Blog Posts

Table Inheritance with Doctrine

Introduction

Lately we had several projects where we had to store in a database very different items that shared a common state.

As an example take the RocketLab website you are reading: Events and BlogPosts are aggregated in the LabLog list as if they were similar items. And indeed they all have a Title, a Date and a Description.

But if you get the detail page of an Event or a BlogPost you can see that they actually don't contain the same information: a BlogPost contains essentially formatted text when an Event contains more structured information such as the place where the event will take place, the type of event it is, if people need to register to attend, etc..

Still we have to access those entities sometimes as similar items (in the LabLog list) or as different items (in the events list and in the blog posts list).

Naïve database model

Our first idea, and it was not that bad, Drupal does just the same, was to have a database table with the common fields, a field containing the type of item (it's either an event or a blog post) and a data field where we serialized the corresponding PHP object. This approach was ok until we had to filter or search LabLog items based on fields that were contained in the serialized data.

Indeed SQL does not know anything about PHP serialized data, thus you cannot use any of it's features on that data.

So how do you get all the LabLog items that are Events, happen in April 2012 and are "techtalks"? The only way is to go through all the Events records of April, unserialize the data and check if it's a techtalk event. In SQL you would normally only do a single request to find those items.

A better database model

There is a better way to model this in a database, it's called table inheritance. It exists in two forms: single table inheritance and multiple table inheritance.

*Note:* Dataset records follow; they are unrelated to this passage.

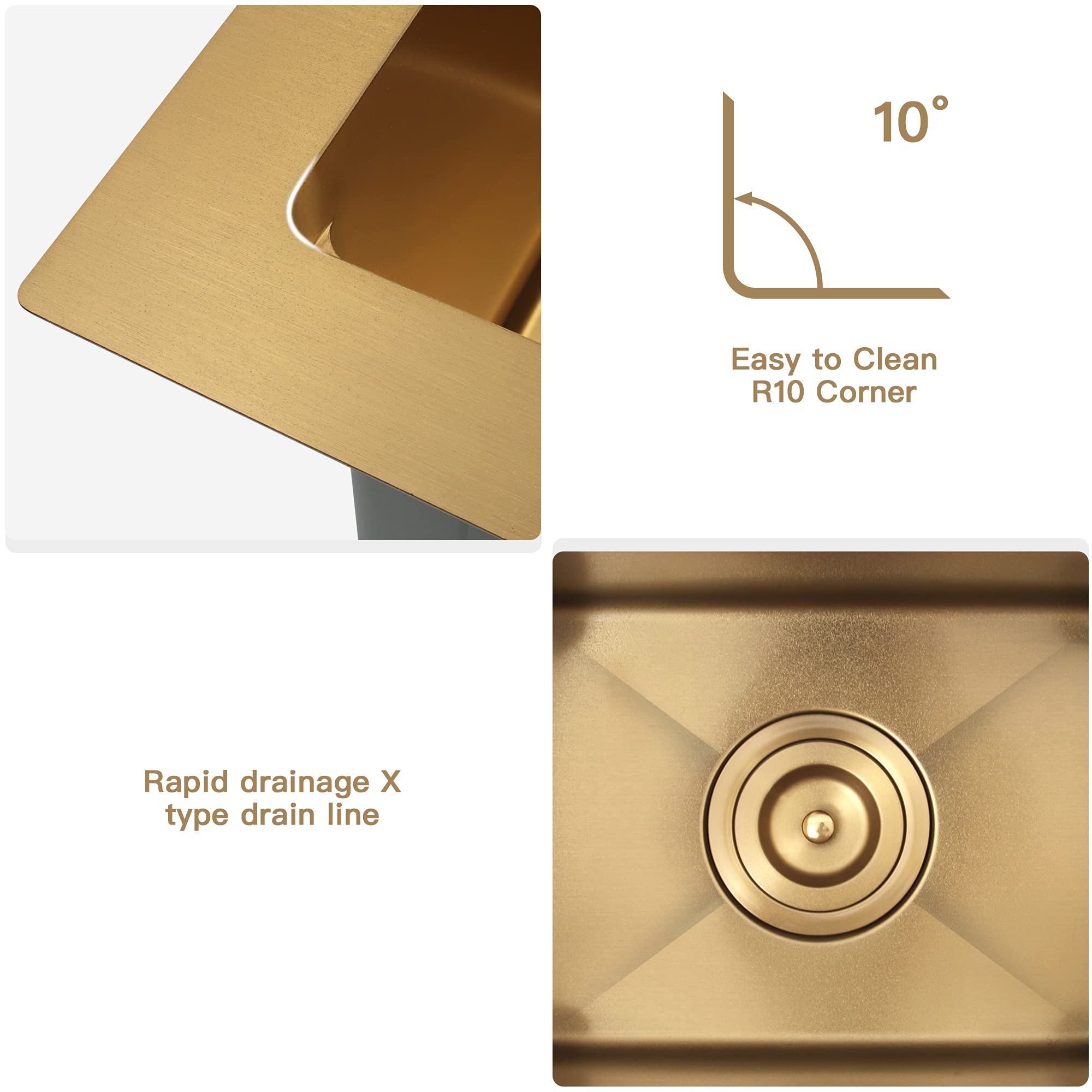 MONSINTA Gold Bar Sink, Top Mount Bar Sink, 15" x 15" Small Single Bowl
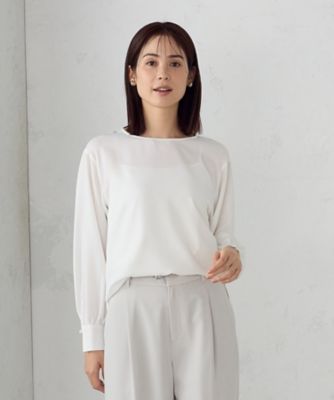 ＜COMME CA ISM (Women)＞【セットアップ対応】ポリエステルツイル　パールボタンブラウス（１２０８ＨＯ１２）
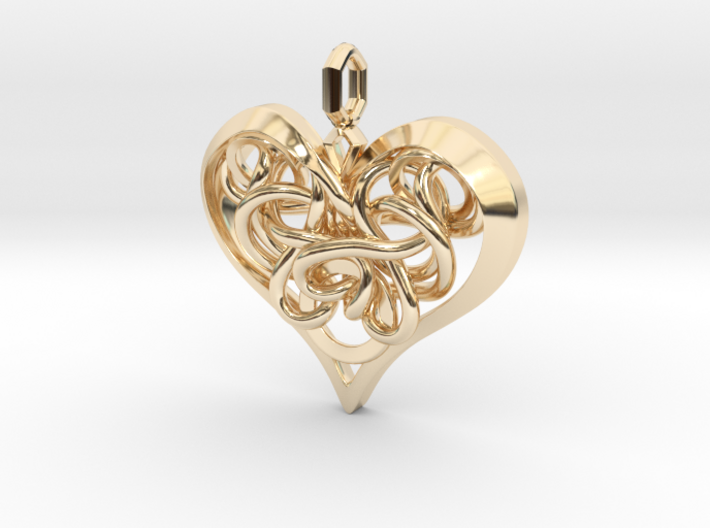 Tied Heart Pendant 3d printed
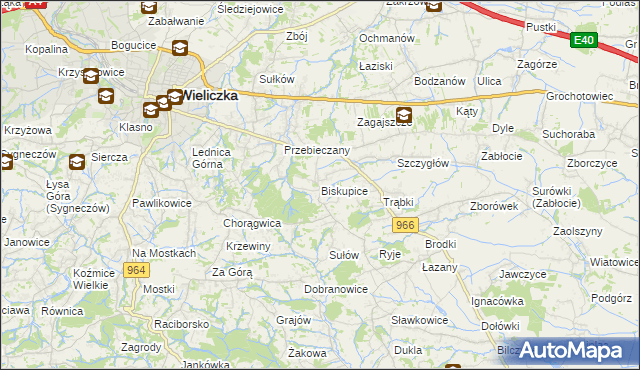 mapa Biskupice powiat wielicki, Biskupice powiat wielicki na mapie Targeo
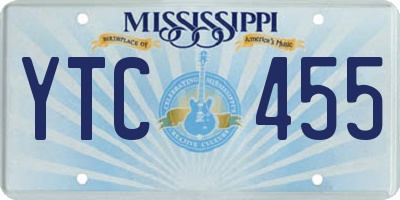 MS license plate YTC455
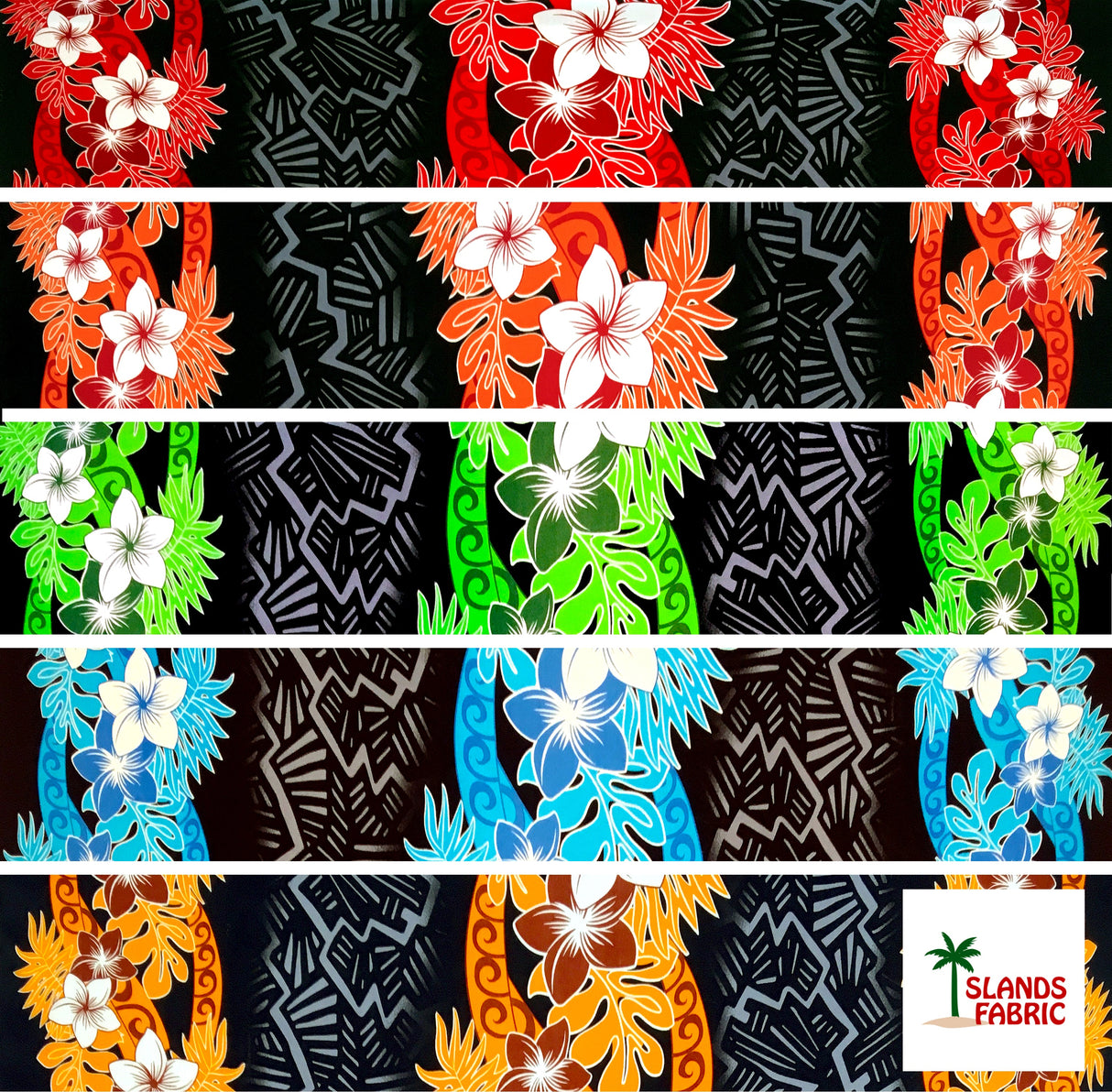 Triple Tropical Border Rayon Fabric - Tropical Border Print, 45" Width (1 Yard)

Multiple table inheritance

Multiple table inheritance requires to use three tables instead of a single one. The idea is to keep the common data in a "parent" table, which will reference items either in the Event table or in the BlogPost table. The type column (called the discriminator) helps to find out if the related item should be searched in the Event table or in the BlogPost table. This is called multiple table inheritance because it tries to model the same problem as object inheritance using multiple database tables.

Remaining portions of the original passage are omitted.